* _WORK TO COMPLETE_: Copy each entry below exactly. No images.

[Records from a dataset]
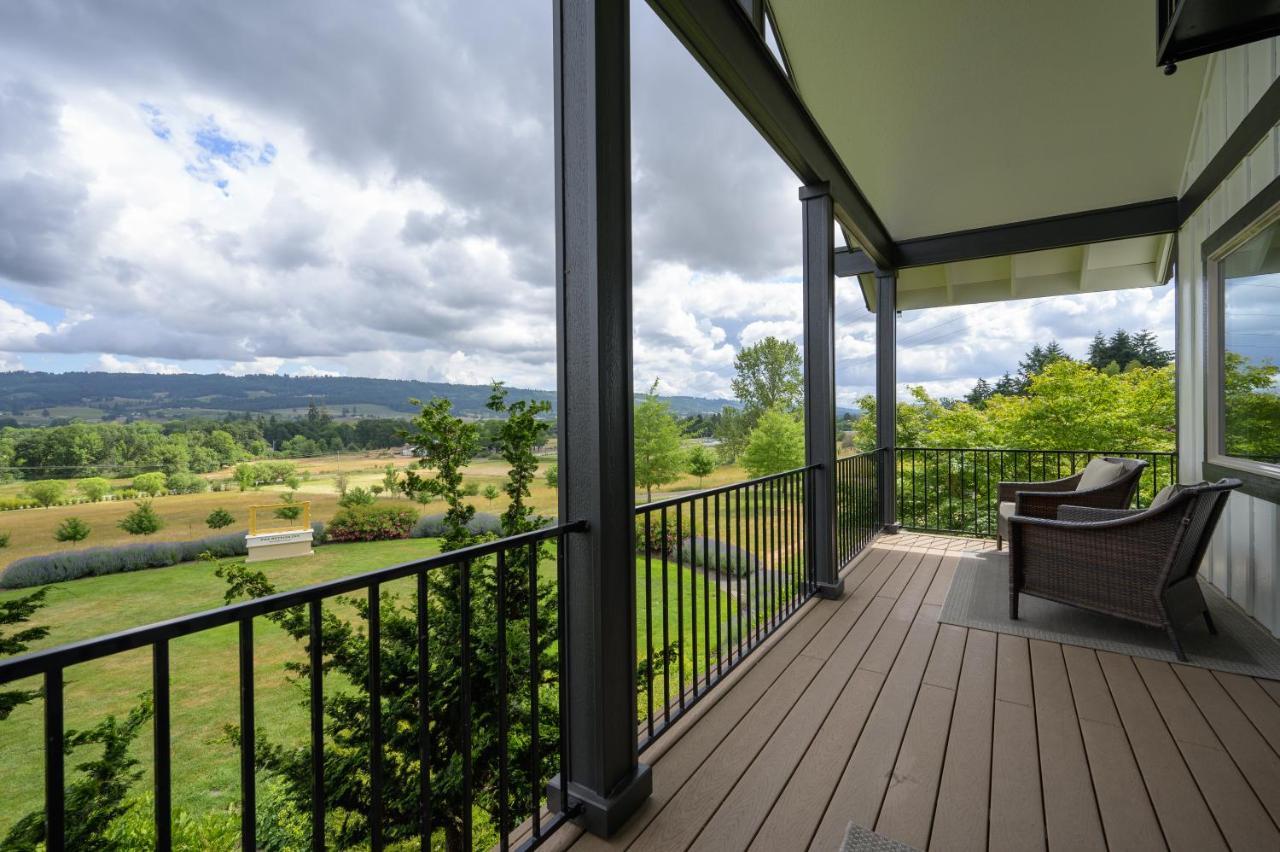 The Setting Inn Willamette Valley Newberg Kültér fotó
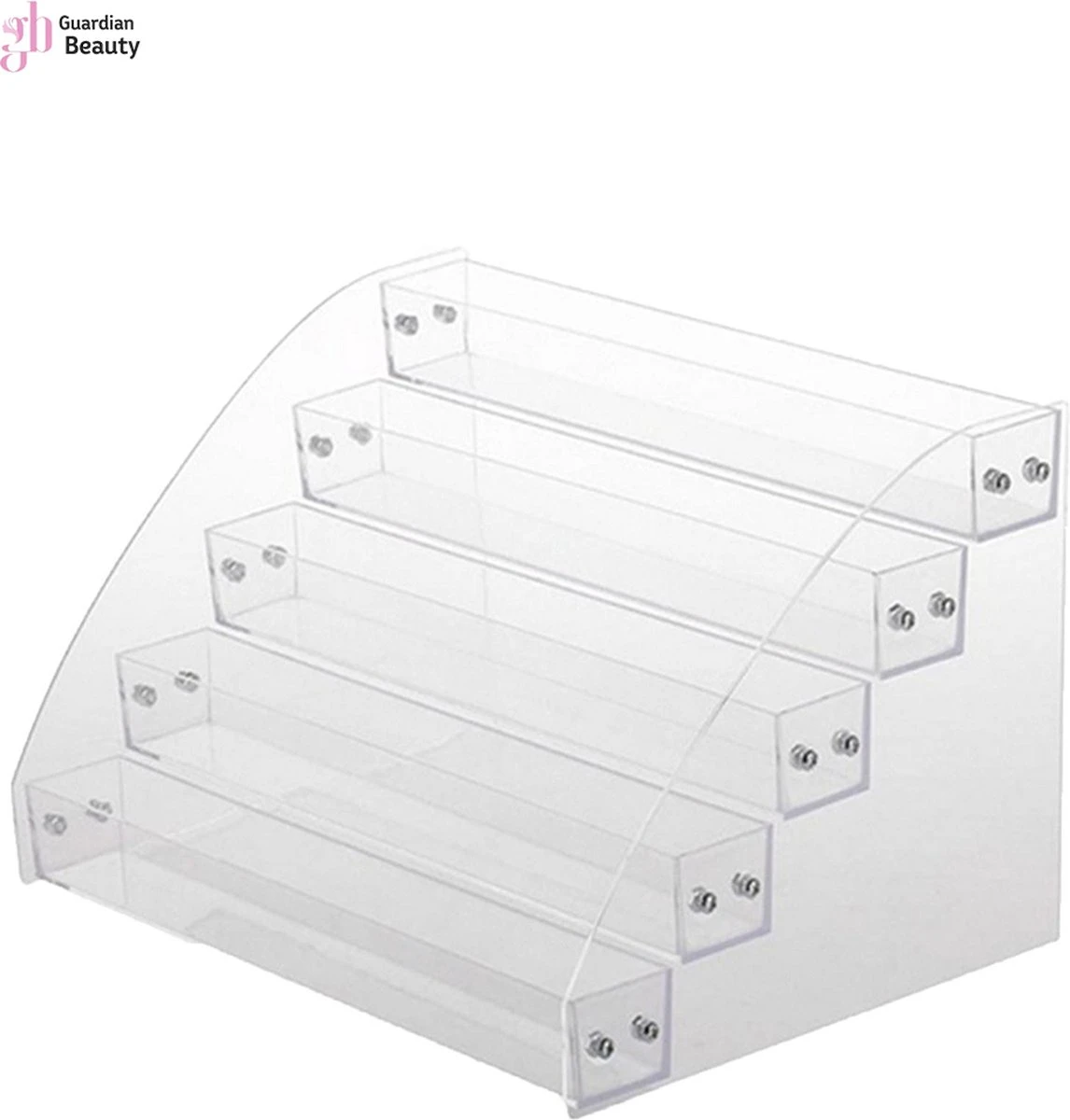 Nagellak Organizer Display 5 Lagen | Nagellak Organizer - Nagellak Houder - Nagellak Opbergen 4 Nagellak Organizer Display 5 Lagen | Nagellak Organizer - Nagellak Houder - Nagellak Opbergen - Afbeelding 2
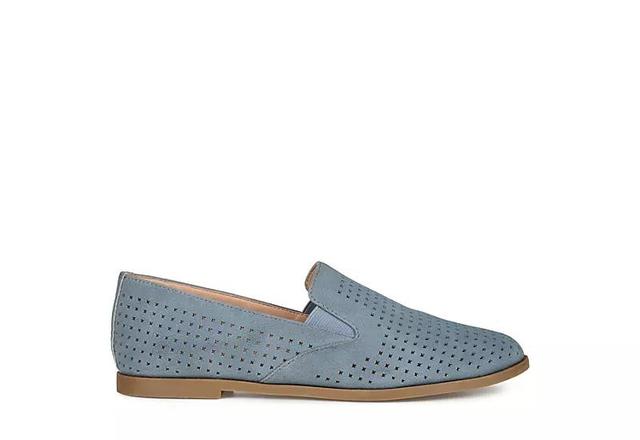 Journee Collection Lucie Womens Flats Yellow Product Image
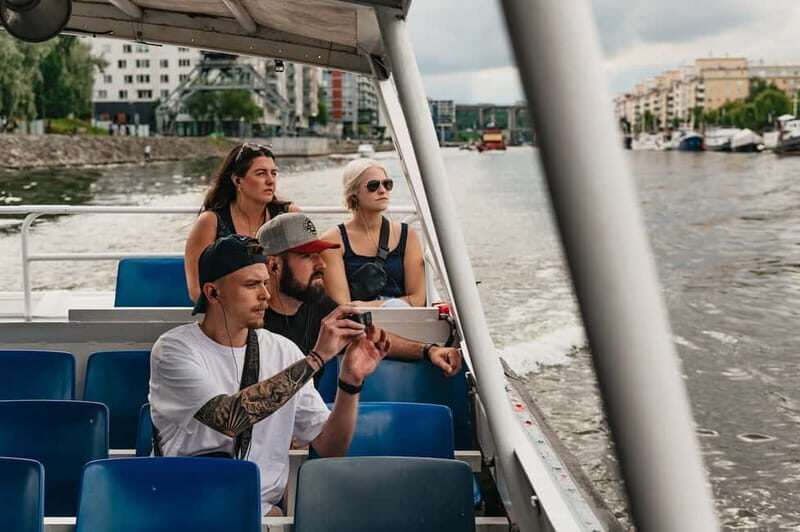 Stockholm: Highlights Boat Tour - FAQs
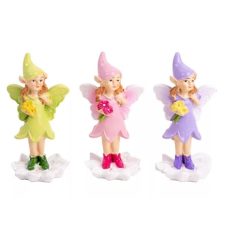 Tündér figura gyermek - 8,3 cm 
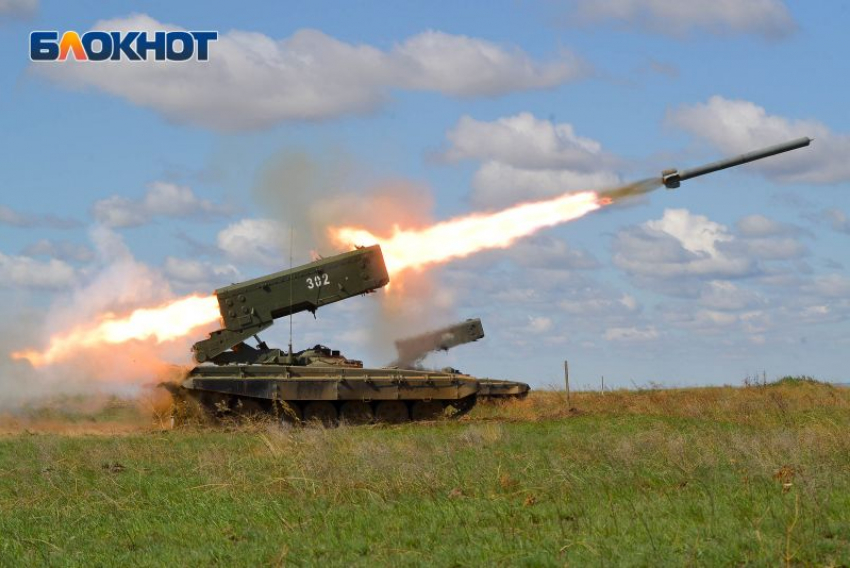 Укронацисты обстреляли подшефный Воронежской области поселок в ЛНР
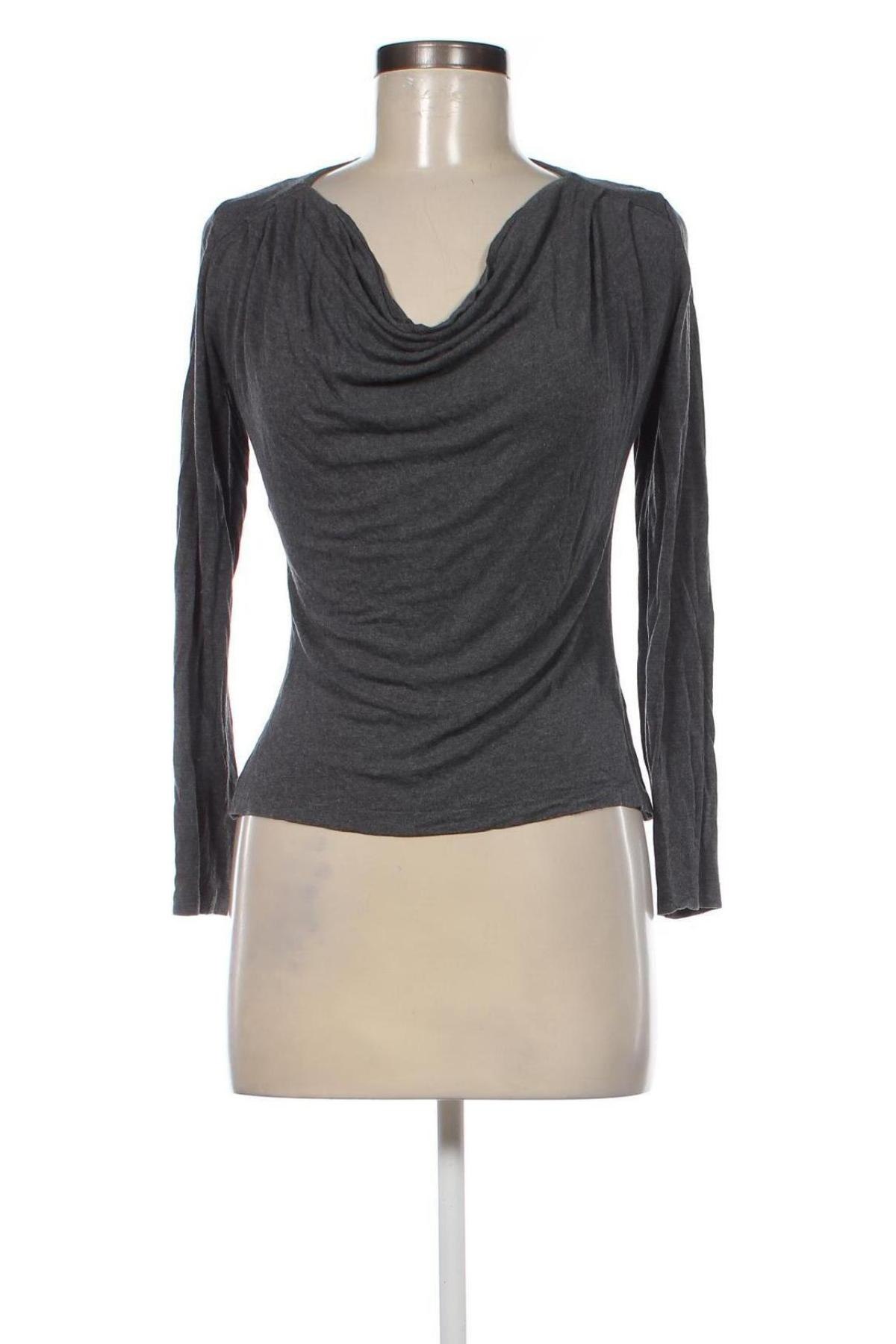 Damen Shirt H&M, Größe S, Farbe Grau, Preis 9,72 €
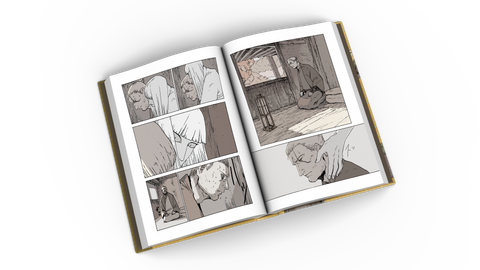 The Witcher Ronin : Un Kickstarter lancé pour emmener Geralt au Japon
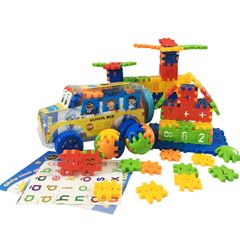 Đồ chơi lắp ghép Vijago 75 chi tiết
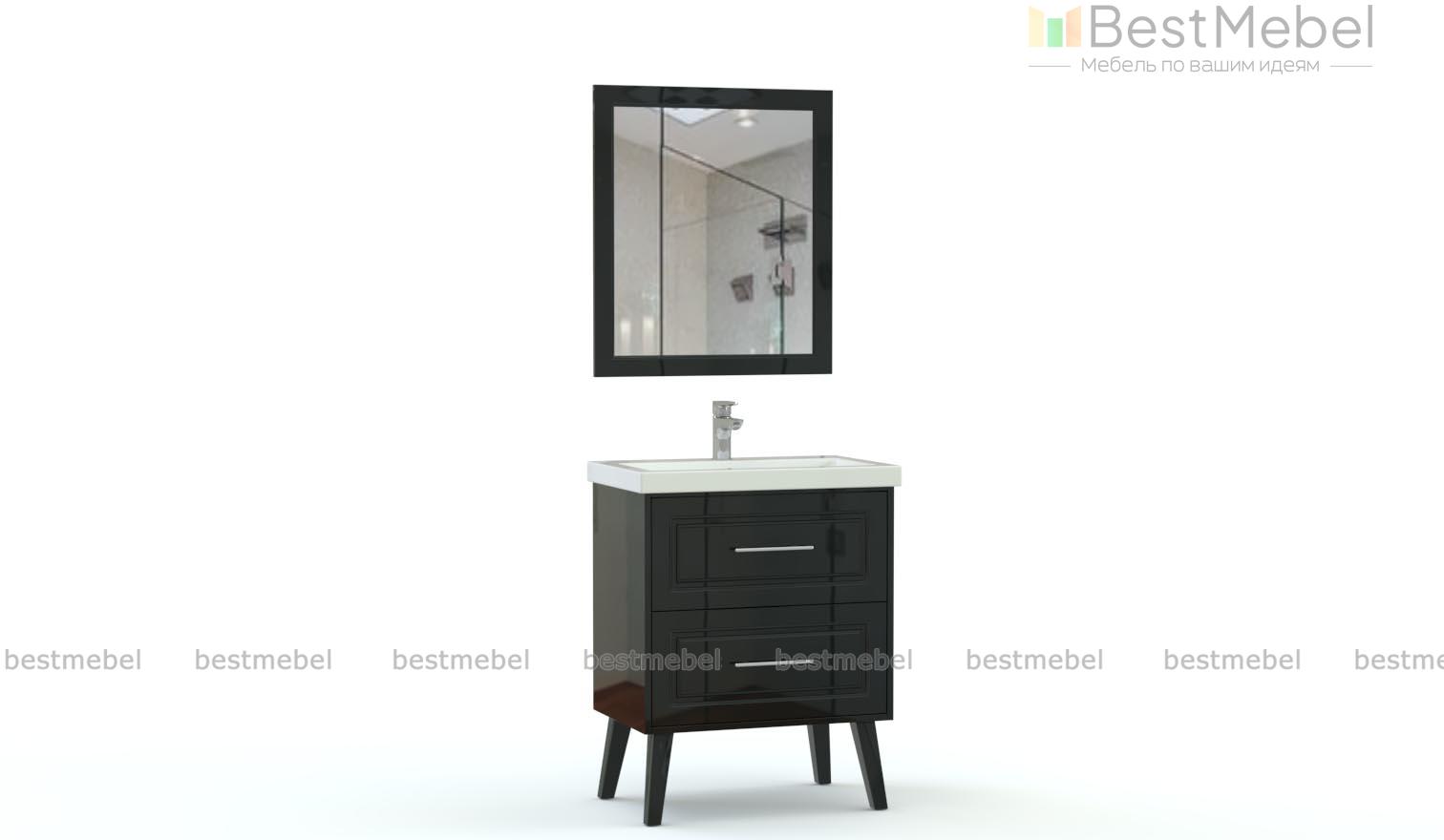 Комплект для ванной Клайд 3 BMS - Фото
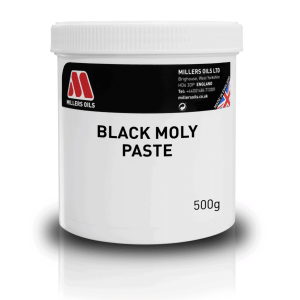 Black Moly Paste 500g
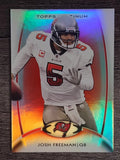 2012 Topps Platinum Red #47 Josh Freeman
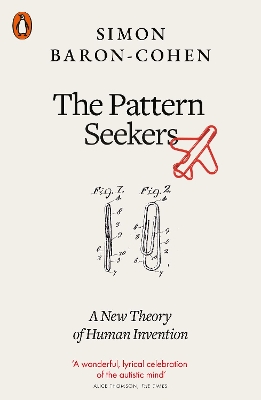 PENGUIN ORANGE SPINES : THE PATTERN SEEKERS PB - SIMON BARON
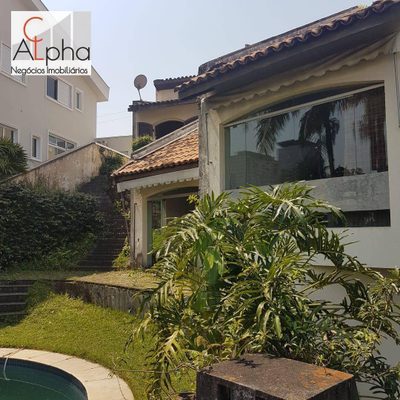 Sobrado, 3 quartos, 350 m² - Foto 1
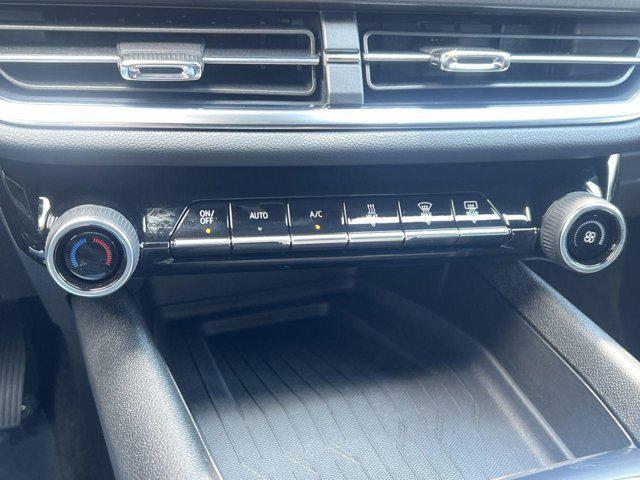 used 2025 Chevrolet Equinox EV car, priced at $26,000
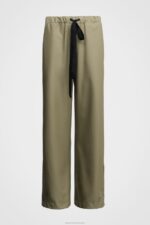 Clothing Vasa Lightweight Trousers Aloe Stutterheim Women 0V8X93 - Image 5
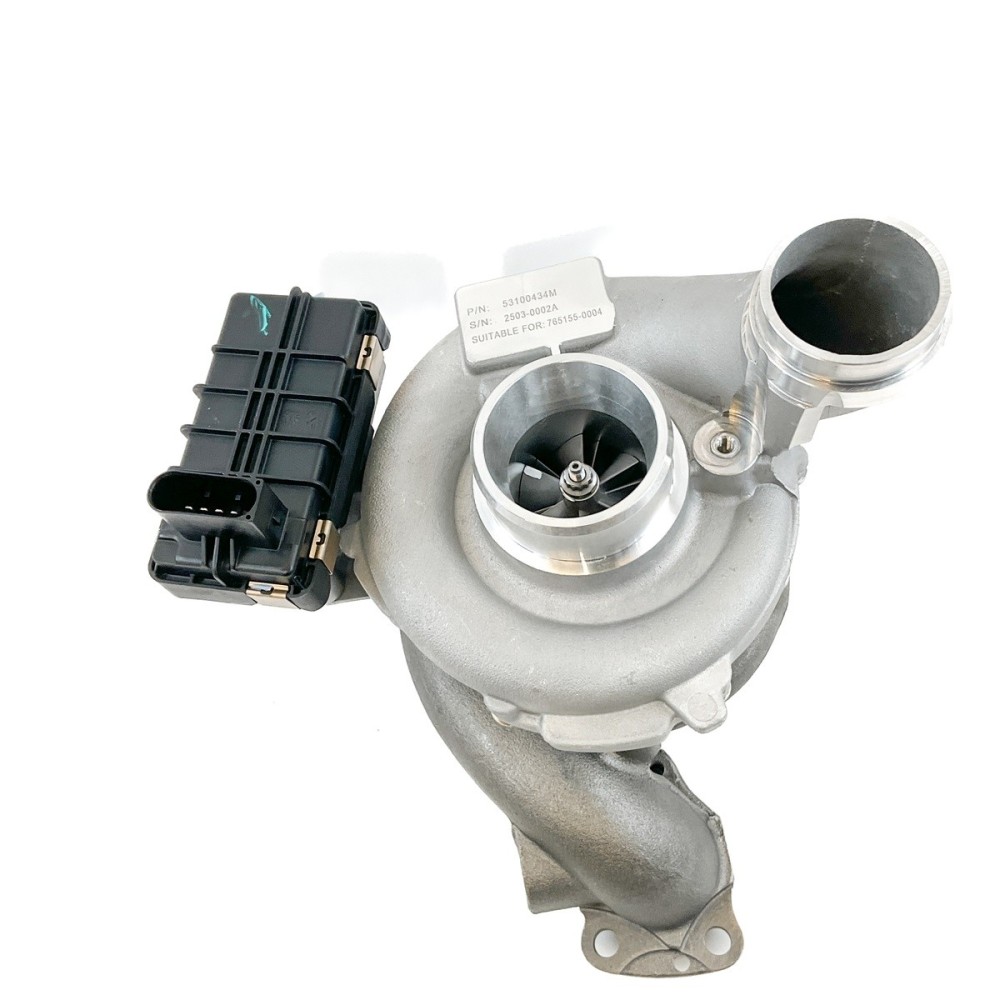 300 C 3.0 CRD E4 - REMAN TURBOWARRANTY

* _WRITTEN RESPONSE_:
 The Setting Inn Willamette Valley Newberg Kültér fotó
 Nagellak Organizer Display 5 Lagen | Nagellak Organizer - Nagellak Houder - Nagellak Opbergen 4 Nagellak Organizer Display 5 Lagen | Nagellak Organizer - Nagellak Houder - Nagellak Opbergen - Afbeelding 2
 Journee Collection Lucie Womens Flats Yellow Product Image
 Stockholm: Highlights Boat Tour - FAQs
 Tündér figura gyermek - 8,3 cm 
 Укронацисты обстреляли подшефный Воронежской области поселок в ЛНР
 Damen Shirt H&M, Größe S, Farbe Grau, Preis 9,72 €
 The Witcher Ronin : Un Kickstarter lancé pour emmener Geralt au Japon
 Đồ chơi lắp ghép Vijago 75 chi tiết
 Комплект для ванной Клайд 3 BMS - Фото
 Black Moly Paste 500g
 2012 Topps Platinum Red #47 Josh Freeman
 PENGUIN ORANGE SPINES : THE PATTERN SEEKERS PB - SIMON BARON
 Sobrado, 3 quartos, 350 m² - Foto 1
 used 2025 Chevrolet Equinox EV car, priced at $26,000
 Clothing Vasa Lightweight Trousers Aloe Stutterheim Women 0V8X93 - Image 5
 300 C 3.0 CRD E4 - REMAN TURBOWARRANTY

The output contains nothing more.